Smith, Stephen J. (1989). Risk and Playground. Unpublished Dissertation Edmonton: University of Alberta.
< Abstract >
The basic contention of this study is that risk can be regarded as a term of positive educational significance, depending upon the level of reflectivity we bring to bear upon playground activity. At one level, there are the risks that children experience which, if left unattended, may lead to serious injury. At a second level, we can think about the nature of our interest in the risks that children take and see ‘nsk” as a term of our pedagogical relation to children. In doing so, we can put risk at the centre of our reflections on the course of children’s playground activity. Then, at a third level of reflection, there are the measured responses we make to the riskiness of children’s activity-responses which are intended to help children yet still allow them the latitude to find things out for themselves. These levels at which we can reflect upon the riskiness of children’s playground activity show the extent to which we can be personally and practically responsive to the risks that children might take.

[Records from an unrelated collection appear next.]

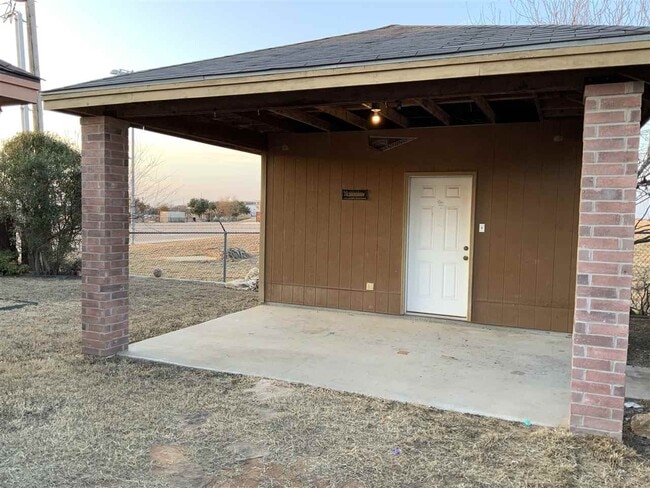 Building Photo - 2630 Comal Loop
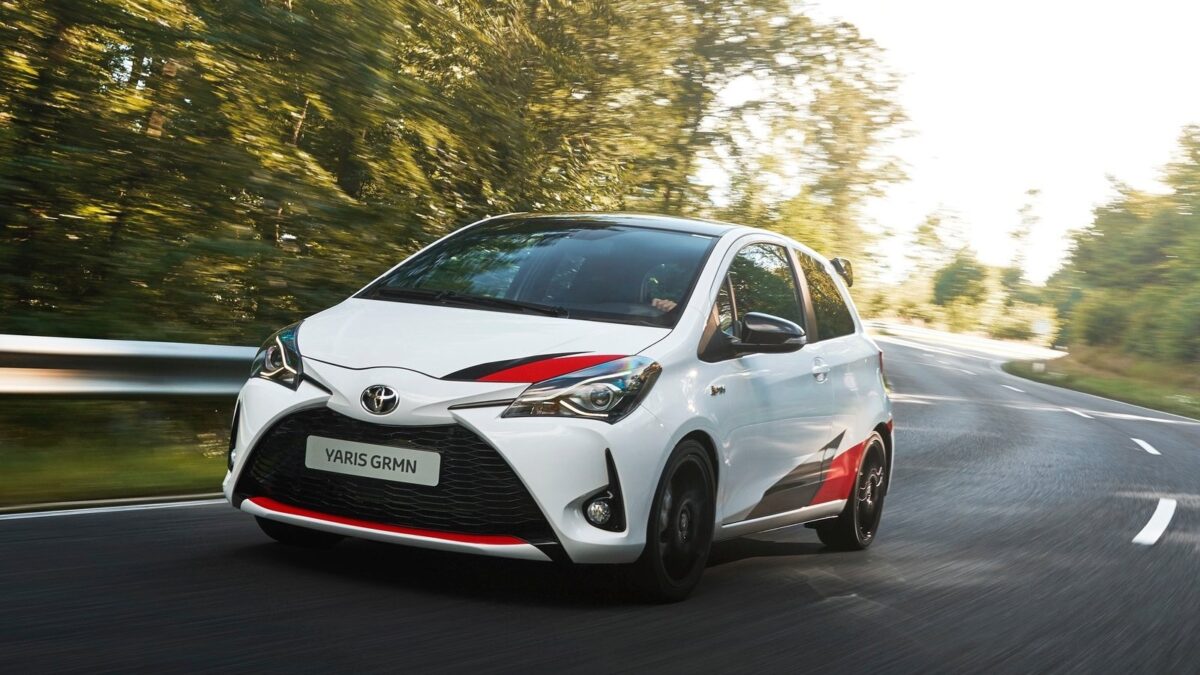 TOYOTA YARIS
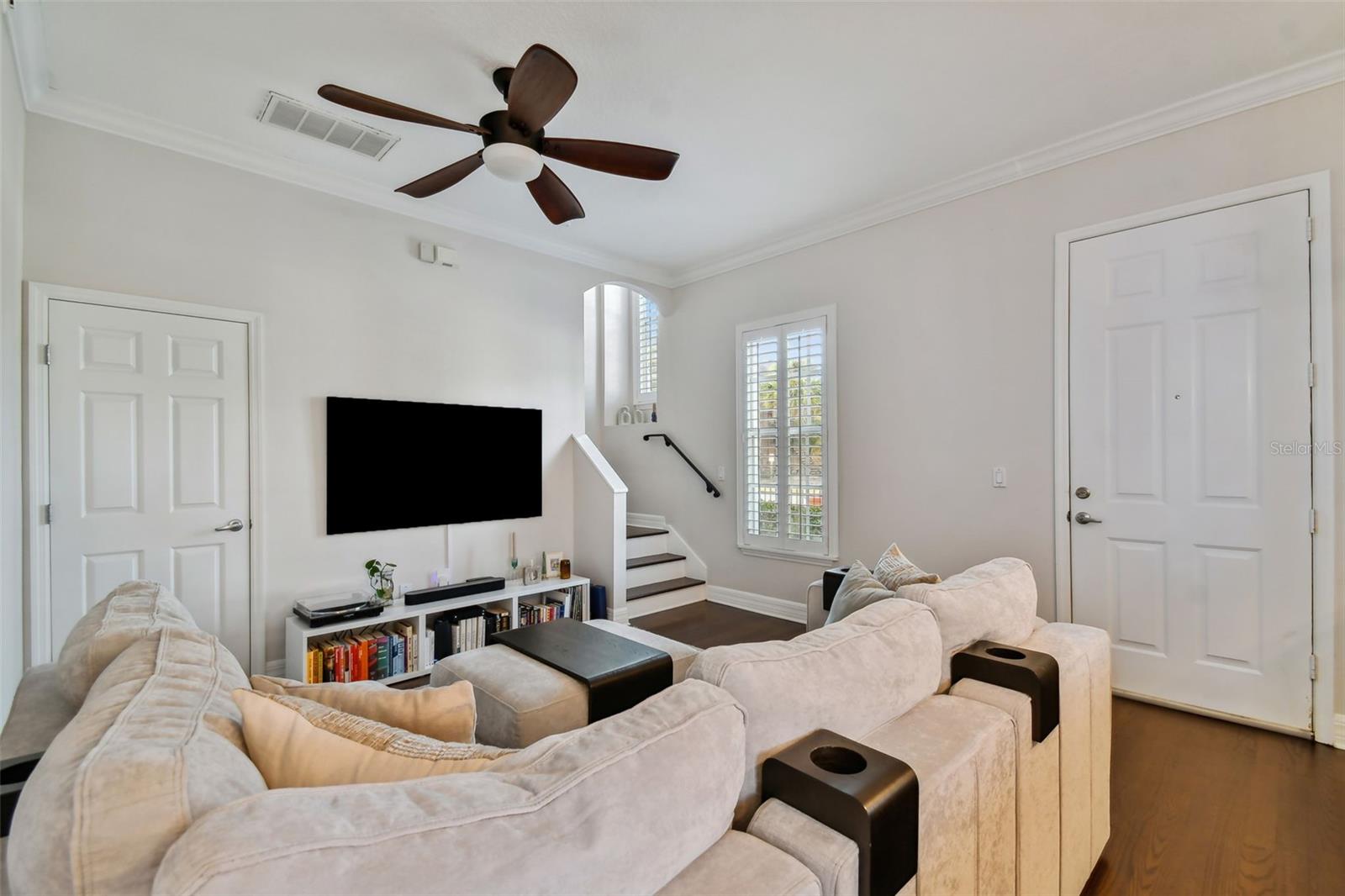 1001 EDISON PARK COURT, Tampa, FL 33606 1001 EDISON PARK COURT, Tampa, FL 33606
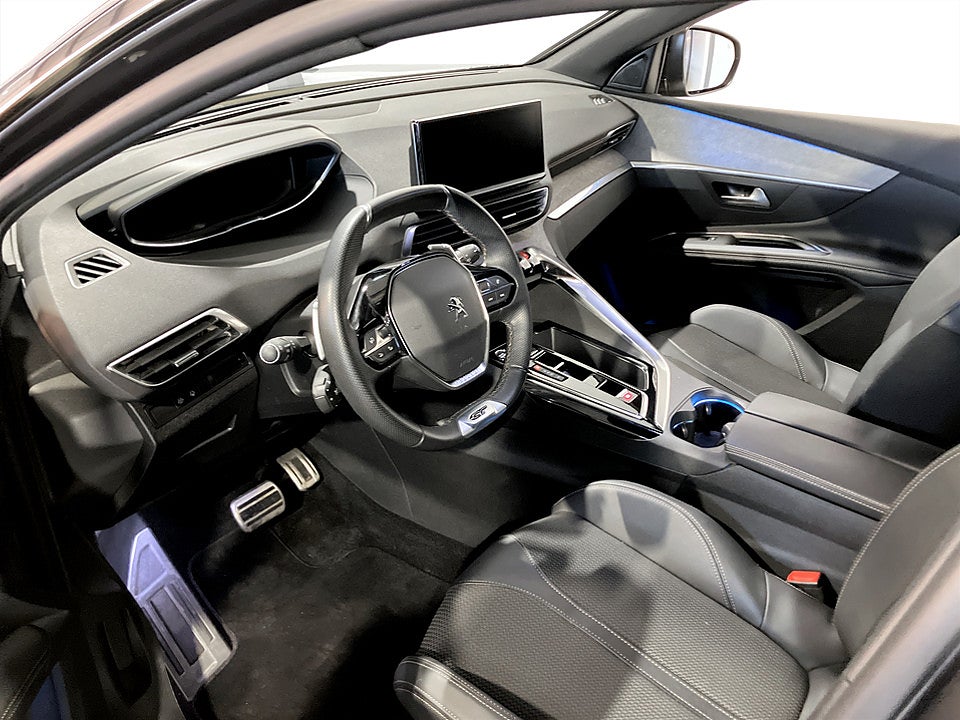 Bild på Peugeot 3008 GT 1.2 PT 130hk Aut B-KAMERA CARPLAY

The divisions of the study conform to these three levels of reflection. In the first section, which includes Chapters Two and Three, the playground is defined as a place of risk and as a place where one might attend to the meaning of risk in children’s lives. The second section of the study, including Chapters Four to Six, shows how to be responsive to the risks of the playground. Key interactions with children are understood in terms of the various ways they can be challenged to take risks and our own ways of encountering the risks of the playground with them. The third section of the study, including Chapters Seven to Ten, serves to put the descriptions of risky playground situations into an educational framework. The interactions that have been considered so far are now described in terms of being in practice with children on playgrounds and seeing the practical consequences of what one does with children on playgrounds. In particular, the practical consequences of this pedagogy of risk are discussed in terms that make sense of the more physical dimensions of the school curriculum.